Mr Reyes says he has long wished to add a floor to his home, but getting a mortgage to finance the work was never an option. In El Salvador, as throughout Latin America, commercial banking services have traditionally been available only to the better off.

This year, though, Mr Alfaro was offered an innovative $20,000 mortgage loan in the US that will allow his relatives at home to build the extra floor, providing his kids with a room of their own and somewhere to study. The deal was organised by a US money transfer company called Alante and Integral, a Salvadorian micro-finance bank.

Until recently, handling a mortgage for such a small amount, especially a cross-border mortgage, would have been too expensive for banks to make a decent return.

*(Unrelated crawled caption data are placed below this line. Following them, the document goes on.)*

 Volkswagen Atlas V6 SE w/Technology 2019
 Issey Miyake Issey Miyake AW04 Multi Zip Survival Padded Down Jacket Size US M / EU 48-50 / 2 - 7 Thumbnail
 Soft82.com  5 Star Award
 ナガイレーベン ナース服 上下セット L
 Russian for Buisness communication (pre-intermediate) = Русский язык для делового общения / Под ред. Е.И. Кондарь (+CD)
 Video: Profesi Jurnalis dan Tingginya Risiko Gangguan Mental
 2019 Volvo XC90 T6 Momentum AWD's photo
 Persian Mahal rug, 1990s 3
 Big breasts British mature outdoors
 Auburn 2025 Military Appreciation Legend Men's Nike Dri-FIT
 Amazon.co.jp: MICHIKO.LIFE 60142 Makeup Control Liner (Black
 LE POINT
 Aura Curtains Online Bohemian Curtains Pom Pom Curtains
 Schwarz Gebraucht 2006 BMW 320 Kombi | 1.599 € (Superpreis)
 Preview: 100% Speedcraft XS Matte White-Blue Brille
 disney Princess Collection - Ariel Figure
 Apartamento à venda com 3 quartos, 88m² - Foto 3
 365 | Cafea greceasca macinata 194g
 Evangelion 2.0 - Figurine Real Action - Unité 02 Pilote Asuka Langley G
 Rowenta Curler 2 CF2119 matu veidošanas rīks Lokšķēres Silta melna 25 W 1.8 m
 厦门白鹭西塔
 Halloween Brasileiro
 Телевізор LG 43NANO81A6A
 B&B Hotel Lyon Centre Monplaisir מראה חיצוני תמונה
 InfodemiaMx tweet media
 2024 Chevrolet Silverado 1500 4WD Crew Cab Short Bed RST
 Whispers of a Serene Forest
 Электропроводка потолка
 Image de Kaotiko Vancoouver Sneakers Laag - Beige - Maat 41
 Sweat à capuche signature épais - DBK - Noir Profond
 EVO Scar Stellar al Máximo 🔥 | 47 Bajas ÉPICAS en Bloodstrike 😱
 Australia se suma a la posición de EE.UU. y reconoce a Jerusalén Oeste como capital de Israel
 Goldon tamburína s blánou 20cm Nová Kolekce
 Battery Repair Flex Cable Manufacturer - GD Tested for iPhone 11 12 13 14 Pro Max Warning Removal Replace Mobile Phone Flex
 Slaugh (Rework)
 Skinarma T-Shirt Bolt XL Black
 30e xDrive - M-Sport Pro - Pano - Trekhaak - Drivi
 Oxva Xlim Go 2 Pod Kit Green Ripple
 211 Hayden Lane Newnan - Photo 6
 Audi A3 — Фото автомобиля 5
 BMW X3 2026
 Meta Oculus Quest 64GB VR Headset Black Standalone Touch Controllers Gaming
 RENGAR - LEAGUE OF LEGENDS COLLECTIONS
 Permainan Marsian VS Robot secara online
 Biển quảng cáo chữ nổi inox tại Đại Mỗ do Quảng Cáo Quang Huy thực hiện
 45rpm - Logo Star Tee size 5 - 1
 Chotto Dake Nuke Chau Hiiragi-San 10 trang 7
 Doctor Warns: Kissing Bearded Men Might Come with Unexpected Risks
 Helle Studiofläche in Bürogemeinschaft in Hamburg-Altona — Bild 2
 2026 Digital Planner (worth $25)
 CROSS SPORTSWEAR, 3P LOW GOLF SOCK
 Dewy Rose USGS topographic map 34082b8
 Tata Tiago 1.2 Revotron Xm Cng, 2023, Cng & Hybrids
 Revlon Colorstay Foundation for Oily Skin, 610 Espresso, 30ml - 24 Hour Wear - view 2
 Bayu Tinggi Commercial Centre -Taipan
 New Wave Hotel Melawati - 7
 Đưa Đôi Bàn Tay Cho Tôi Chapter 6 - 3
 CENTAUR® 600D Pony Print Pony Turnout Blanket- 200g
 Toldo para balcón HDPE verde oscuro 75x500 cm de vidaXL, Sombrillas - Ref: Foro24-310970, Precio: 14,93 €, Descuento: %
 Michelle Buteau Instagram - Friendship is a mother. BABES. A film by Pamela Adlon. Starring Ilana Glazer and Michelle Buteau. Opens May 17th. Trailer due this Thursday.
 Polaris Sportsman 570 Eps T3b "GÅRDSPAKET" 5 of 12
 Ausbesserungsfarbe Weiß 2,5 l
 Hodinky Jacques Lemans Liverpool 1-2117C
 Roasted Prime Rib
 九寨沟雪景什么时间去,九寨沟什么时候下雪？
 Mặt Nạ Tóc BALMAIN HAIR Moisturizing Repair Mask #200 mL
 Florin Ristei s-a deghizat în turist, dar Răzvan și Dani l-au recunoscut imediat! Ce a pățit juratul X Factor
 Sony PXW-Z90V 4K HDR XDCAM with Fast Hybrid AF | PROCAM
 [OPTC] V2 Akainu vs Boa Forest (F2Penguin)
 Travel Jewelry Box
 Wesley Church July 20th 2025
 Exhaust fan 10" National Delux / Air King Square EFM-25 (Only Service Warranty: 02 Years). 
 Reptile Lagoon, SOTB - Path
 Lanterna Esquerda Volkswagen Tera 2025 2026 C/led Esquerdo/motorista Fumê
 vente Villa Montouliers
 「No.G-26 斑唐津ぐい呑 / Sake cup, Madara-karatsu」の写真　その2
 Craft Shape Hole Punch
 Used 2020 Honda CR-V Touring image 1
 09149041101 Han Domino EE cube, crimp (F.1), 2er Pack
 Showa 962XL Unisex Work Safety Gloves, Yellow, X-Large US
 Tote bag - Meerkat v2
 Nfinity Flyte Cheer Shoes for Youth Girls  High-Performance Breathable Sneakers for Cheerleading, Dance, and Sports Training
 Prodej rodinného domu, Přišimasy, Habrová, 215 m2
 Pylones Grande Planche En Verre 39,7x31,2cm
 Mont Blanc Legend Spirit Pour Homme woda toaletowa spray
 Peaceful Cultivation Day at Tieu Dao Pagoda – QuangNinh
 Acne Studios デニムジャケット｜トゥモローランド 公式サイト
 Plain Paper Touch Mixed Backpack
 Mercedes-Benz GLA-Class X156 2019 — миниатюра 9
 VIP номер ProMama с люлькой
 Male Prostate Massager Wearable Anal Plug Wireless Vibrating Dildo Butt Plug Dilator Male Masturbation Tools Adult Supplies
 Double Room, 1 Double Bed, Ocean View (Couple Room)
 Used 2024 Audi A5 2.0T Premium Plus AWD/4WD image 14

But helped by greater economic stability in the region and lower interest rates, micro-finance banks and some other innovative financial institutions have begun to see potential in this market.

The deal highlights the way migrant workers and their families are slowly being brought into the world’s banking and credit markets, which experts say is crucial to giving remittances a wider impact on economic development. Money transfer companies such as Western Union have traditionally handled the vast bulk of transactions (see below left). They transmit cash electronically, convert it into local currency and arrange payment in cash for local family members in exchange for a percentage commission.

Such a cash-to-cash system means that only a small proportion of remittances – which make up more than 15 per cent of El Salvador’s gross domestic product – stays in the banking system, where it could be used to finance local investment.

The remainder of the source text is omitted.